▽

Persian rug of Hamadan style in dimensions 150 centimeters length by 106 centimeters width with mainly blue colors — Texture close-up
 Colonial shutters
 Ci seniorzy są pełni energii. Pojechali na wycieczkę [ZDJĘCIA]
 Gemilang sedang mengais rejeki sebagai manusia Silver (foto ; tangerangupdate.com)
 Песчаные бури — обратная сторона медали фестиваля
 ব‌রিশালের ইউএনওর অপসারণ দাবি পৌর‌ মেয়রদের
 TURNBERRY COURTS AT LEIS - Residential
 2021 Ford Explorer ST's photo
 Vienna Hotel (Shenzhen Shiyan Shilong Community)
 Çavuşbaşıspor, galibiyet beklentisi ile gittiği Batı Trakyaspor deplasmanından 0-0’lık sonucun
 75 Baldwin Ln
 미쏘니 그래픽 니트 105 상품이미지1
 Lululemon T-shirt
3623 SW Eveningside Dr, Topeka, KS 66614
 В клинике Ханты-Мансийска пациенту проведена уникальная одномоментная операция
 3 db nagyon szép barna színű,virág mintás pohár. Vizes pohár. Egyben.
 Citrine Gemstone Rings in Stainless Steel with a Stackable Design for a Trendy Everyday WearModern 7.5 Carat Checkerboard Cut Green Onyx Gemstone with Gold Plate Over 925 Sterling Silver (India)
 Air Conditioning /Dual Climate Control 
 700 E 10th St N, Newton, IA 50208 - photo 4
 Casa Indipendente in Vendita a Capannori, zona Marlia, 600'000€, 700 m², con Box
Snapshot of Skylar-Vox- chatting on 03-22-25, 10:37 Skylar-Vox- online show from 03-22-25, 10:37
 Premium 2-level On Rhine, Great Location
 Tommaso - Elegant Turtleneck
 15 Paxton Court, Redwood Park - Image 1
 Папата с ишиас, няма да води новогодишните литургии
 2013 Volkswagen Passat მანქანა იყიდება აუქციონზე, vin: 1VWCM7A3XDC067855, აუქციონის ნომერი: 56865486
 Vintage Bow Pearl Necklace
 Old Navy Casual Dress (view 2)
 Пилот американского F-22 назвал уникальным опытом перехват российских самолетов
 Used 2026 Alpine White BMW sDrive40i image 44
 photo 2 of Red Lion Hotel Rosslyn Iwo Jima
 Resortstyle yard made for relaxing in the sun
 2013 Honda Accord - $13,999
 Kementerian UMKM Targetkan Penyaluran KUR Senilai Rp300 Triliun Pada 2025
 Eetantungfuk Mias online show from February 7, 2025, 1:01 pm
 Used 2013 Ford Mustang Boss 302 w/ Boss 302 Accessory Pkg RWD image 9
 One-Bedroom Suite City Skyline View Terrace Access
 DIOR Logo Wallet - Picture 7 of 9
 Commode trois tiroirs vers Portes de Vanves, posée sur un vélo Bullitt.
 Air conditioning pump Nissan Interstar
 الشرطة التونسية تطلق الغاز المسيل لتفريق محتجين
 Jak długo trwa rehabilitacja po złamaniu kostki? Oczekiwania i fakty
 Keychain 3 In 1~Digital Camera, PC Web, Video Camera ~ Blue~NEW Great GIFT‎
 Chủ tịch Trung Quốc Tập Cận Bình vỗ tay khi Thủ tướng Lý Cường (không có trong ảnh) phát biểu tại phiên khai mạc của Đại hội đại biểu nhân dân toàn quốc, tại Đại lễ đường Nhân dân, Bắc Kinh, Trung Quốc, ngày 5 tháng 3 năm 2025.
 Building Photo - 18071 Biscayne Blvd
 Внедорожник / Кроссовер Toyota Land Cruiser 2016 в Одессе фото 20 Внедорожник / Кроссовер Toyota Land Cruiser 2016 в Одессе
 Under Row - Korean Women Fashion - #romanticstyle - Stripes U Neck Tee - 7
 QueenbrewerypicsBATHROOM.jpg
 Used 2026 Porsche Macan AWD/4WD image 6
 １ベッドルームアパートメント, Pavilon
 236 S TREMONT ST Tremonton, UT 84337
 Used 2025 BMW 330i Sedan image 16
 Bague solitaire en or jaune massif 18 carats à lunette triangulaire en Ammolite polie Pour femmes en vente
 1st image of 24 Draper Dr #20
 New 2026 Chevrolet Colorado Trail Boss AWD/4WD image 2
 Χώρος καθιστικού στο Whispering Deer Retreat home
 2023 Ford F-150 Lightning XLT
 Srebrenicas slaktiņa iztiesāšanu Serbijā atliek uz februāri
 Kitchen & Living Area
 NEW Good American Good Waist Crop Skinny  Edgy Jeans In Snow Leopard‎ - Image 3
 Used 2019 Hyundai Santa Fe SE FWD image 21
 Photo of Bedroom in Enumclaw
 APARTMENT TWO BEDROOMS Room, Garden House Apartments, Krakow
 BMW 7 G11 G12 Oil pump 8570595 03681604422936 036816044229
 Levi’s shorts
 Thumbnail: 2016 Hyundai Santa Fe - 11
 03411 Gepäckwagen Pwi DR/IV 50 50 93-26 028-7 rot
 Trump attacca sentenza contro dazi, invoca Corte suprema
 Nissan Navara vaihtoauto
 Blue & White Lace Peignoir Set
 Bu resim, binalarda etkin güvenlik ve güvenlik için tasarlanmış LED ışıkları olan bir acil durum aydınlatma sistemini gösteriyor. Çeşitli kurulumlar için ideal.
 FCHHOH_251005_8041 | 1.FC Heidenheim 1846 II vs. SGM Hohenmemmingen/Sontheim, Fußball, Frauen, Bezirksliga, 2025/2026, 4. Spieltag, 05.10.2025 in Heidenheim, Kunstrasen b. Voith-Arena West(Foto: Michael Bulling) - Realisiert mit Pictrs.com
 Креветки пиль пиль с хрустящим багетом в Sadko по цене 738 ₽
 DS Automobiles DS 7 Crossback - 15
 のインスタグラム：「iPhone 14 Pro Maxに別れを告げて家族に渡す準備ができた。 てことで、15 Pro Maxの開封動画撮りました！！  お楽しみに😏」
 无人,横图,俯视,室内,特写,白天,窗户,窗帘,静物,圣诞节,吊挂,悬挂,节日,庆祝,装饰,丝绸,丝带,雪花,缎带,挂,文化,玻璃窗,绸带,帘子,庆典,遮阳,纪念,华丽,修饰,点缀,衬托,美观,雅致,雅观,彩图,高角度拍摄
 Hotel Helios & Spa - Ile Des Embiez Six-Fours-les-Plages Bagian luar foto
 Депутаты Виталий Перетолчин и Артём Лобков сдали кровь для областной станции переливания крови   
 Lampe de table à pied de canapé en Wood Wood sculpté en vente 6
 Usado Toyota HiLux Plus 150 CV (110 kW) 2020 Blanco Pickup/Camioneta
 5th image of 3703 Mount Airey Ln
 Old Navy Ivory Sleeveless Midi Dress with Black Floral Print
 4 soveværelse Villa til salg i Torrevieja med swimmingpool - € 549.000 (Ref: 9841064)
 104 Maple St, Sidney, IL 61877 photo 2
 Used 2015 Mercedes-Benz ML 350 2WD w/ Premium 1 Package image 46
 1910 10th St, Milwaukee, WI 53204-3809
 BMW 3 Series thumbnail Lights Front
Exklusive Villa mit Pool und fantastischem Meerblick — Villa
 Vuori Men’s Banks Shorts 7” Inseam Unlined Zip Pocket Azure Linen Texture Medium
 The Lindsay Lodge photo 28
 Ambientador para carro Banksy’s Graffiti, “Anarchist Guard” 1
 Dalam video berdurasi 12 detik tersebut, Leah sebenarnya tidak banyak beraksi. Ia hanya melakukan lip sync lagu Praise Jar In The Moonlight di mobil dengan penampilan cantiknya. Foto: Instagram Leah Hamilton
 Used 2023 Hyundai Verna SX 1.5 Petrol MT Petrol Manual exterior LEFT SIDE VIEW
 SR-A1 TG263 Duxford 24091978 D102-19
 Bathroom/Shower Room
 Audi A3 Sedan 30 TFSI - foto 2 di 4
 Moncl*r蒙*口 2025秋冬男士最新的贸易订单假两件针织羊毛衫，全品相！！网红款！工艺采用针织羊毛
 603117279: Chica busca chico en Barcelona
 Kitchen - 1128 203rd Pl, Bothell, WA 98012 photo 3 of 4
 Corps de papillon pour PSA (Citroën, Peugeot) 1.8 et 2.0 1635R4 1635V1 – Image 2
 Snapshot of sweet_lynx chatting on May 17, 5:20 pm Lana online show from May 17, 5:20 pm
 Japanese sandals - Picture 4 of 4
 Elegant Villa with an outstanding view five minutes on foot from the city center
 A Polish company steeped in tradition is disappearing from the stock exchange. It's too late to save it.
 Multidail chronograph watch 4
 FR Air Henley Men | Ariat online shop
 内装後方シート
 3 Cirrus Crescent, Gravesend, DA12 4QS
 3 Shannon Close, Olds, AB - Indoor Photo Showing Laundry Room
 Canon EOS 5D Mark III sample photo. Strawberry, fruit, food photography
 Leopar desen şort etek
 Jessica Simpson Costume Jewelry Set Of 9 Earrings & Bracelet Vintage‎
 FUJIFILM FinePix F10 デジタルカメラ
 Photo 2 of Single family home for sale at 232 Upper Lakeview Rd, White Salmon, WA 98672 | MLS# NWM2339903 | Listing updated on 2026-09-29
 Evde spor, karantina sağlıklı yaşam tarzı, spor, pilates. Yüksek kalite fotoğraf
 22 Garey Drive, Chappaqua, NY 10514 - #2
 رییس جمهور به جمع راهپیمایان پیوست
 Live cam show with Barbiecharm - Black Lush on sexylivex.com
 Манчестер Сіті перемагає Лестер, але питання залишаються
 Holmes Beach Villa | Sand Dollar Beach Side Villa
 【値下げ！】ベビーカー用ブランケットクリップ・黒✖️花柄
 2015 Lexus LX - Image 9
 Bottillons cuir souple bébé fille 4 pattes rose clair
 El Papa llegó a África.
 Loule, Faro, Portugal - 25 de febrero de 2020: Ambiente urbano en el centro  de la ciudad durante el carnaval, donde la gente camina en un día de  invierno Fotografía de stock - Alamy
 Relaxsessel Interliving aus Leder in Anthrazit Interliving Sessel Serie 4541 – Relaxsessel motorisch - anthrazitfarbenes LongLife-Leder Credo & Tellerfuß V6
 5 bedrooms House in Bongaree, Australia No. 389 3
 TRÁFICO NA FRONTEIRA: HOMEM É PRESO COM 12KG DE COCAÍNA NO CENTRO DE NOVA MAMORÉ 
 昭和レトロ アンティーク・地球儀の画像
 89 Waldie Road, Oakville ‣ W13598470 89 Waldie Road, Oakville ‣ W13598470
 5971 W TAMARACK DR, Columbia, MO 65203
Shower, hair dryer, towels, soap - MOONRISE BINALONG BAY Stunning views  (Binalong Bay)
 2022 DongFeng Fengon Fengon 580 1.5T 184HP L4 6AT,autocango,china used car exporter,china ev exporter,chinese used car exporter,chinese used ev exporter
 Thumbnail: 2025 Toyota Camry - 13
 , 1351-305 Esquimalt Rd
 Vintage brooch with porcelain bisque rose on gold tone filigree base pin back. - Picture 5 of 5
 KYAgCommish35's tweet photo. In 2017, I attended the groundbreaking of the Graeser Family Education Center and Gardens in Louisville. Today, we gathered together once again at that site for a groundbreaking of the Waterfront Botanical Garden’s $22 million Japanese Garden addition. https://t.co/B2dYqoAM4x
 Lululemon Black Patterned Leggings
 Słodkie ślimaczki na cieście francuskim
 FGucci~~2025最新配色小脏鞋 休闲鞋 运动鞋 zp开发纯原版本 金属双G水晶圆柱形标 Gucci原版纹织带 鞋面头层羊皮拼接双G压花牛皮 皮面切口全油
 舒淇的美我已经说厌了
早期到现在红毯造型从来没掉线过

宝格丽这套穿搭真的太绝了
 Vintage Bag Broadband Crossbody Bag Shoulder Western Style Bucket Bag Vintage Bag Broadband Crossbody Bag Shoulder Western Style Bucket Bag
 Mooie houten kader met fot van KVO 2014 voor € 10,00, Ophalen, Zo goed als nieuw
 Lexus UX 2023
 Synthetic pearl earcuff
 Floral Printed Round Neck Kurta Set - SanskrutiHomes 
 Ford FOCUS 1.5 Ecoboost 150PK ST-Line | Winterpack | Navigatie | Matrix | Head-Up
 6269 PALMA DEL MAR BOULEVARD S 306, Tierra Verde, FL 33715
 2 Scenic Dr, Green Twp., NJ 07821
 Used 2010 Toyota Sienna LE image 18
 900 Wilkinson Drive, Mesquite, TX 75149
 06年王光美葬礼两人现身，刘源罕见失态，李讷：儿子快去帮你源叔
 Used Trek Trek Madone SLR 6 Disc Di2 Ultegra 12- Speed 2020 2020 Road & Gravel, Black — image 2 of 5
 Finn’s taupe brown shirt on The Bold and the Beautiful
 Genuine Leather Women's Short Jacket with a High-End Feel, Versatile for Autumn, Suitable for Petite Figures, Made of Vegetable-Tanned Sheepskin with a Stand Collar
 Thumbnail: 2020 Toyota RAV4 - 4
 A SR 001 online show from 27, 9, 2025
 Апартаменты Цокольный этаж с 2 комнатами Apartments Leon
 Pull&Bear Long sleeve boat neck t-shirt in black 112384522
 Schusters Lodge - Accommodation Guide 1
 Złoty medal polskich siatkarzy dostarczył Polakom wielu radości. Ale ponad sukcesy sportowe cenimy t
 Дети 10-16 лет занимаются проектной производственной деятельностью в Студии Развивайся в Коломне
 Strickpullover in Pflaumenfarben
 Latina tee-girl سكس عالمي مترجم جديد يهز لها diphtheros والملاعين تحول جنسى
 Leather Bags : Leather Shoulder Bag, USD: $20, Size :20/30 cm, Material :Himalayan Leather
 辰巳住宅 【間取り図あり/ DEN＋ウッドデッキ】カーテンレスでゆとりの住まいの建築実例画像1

△

◆ How to complete this task: Above are the records; repeat exactly the lines from the one holding "104 Maple St, Sidney, IL 61877 photo 2" down to the one holding "Canon EOS 5D", end lines included.

◆ Result for this exercise:
 104 Maple St, Sidney, IL 61877 photo 2
 Used 2015 Mercedes-Benz ML 350 2WD w/ Premium 1 Package image 46
 1910 10th St, Milwaukee, WI 53204-3809
 BMW 3 Series thumbnail Lights Front
Exklusive Villa mit Pool und fantastischem Meerblick — Villa
 Vuori Men’s Banks Shorts 7” Inseam Unlined Zip Pocket Azure Linen Texture Medium
 The Lindsay Lodge photo 28
 Ambientador para carro Banksy’s Graffiti, “Anarchist Guard” 1
 Dalam video berdurasi 12 detik tersebut, Leah sebenarnya tidak banyak beraksi. Ia hanya melakukan lip sync lagu Praise Jar In The Moonlight di mobil dengan penampilan cantiknya. Foto: Instagram Leah Hamilton
 Used 2023 Hyundai Verna SX 1.5 Petrol MT Petrol Manual exterior LEFT SIDE VIEW
 SR-A1 TG263 Duxford 24091978 D102-19
 Bathroom/Shower Room
 Audi A3 Sedan 30 TFSI - foto 2 di 4
 Moncl*r蒙*口 2025秋冬男士最新的贸易订单假两件针织羊毛衫，全品相！！网红款！工艺采用针织羊毛
 603117279: Chica busca chico en Barcelona
 Kitchen - 1128 203rd Pl, Bothell, WA 98012 photo 3 of 4
 Corps de papillon pour PSA (Citroën, Peugeot) 1.8 et 2.0 1635R4 1635V1 – Image 2
 Snapshot of sweet_lynx chatting on May 17, 5:20 pm Lana online show from May 17, 5:20 pm
 Japanese sandals - Picture 4 of 4
 Elegant Villa with an outstanding view five minutes on foot from the city center
 A Polish company steeped in tradition is disappearing from the stock exchange. It's too late to save it.
 Multidail chronograph watch 4
 FR Air Henley Men | Ariat online shop
 内装後方シート
 3 Cirrus Crescent, Gravesend, DA12 4QS
 3 Shannon Close, Olds, AB - Indoor Photo Showing Laundry Room
 Canon EOS 5D Mark III sample photo. Strawberry, fruit, food photography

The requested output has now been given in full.